In a free-wheeling interview with CS, he talks about B-Town, stereotyping and how cinema needs to be more sensitive.

So far, so good
My journey in Bollywood has been exciting so far. That has happened mainly because the directors whom I worked with had fresh ideas. Many directors would not have thought of casting me as Sridevi’s husband in a film that was touted as her comeback. I have been lucky to work with people who have perceived me in different roles. In the future too, I want to take my projects with interesting scripts and roles that excite me as an actor.

Looking for challenges
As an actor, I don’t enjoy being typecast. It is one thing I am working hard to avoid. It is very difficult for someone who is new in Bollywood to do that. You have to earn money as well (laughs). It is a dilemma in the initial stage as once people like you in a particular role; they think you will do well in a similar one. In Bollywood, people for the most part, only trust established names.
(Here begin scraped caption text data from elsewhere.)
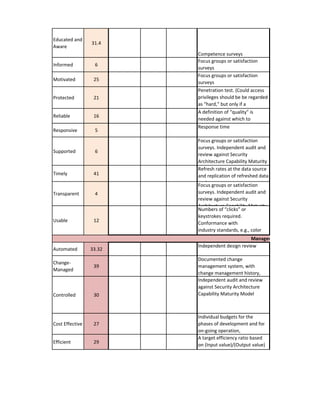 Educated and Aware 
31.4 
Informed 
6 
Motivated 
25 
Protected 
21 
Reliable 
16 
Responsive 
5 
Supported 
6 
Timely 
41 
Transparent 
4 
Usable 
12 
Automated 
33.32 
Change- Managed 
39 
Controlled 
30 
Cost Effective 
27 
Efficient 
29 
Penetration test. (Could access privileges should be be regarded as “hard,” but only if a penetration is achieved. Failure 
A definition of “quality” is needed against which to compare. 
Focus groups or satisfaction surveys 
Focus groups or satisfaction surveys 
Competence surveys 
Numbers of “clicks” or keystrokes required. Conformance with industry standards, e.g., color palettes. Feedback from focus 
Independent design review 
Refresh rates at the data source and replication of refreshed data to the 
Focus groups or satisfaction surveys. Independent audit and review against Security Architecture Capability Maturity 
Management Attributes 
Response time 
Focus groups or satisfaction surveys. Independent audit and review against Security Architecture Capability Maturity Model. 
Individual budgets for the phases of development and for on-going operation, 
A target efficiency ratio based on (Input value)/(Output value) 
Documented change management system, with change management history, 
Independent audit and review against Security Architecture Capability Maturity Model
My aim is to be little daring and different in every film of mine.

Moustache mystery
I remember watching Life Of Pi with the rest of the cast at the Dubai International Film Festival. Michael Apted, the British director was seated beside me, and he too watched the entire film. Later, we met outside while having a drink. He asked me, “Why are you in Dubai?” I replied, “My film was shown just now -- Life Of Pi.” Then, he asked me if I was a part of the production team. When I told him I was in the film, he asked, “Where?” Finally, when I mentioned my role, he was like, “Oh my God! That was you.” I have seen people looking at me closely, trying to understand if I am the same guy they saw on screen. I guess my moustache puzzles them (laughs out loud).

Time for a change
I feel that cinema is a very powerful tool to inculcate awareness in society. Of course, films are meant to be entertaining as well. It is very heartening to see someone like Kiran Rao take on a film like Ship of Theseus. I loved Tigmanshu Dhulia’s Paan Singh Tomar as it entertained and made the audience think too.
I feel that Bollywood needs to be cautious in the manner in which it projects women. It should help the Indian male look at women in a better manner. Films are almost like a religion in the country, especially in the semi-urban areas. Young men speak to women in the manner in which they see the male heroes talking to the heroines in films. Moreover, considering the shortage of role models in the country, film stars can play a better role.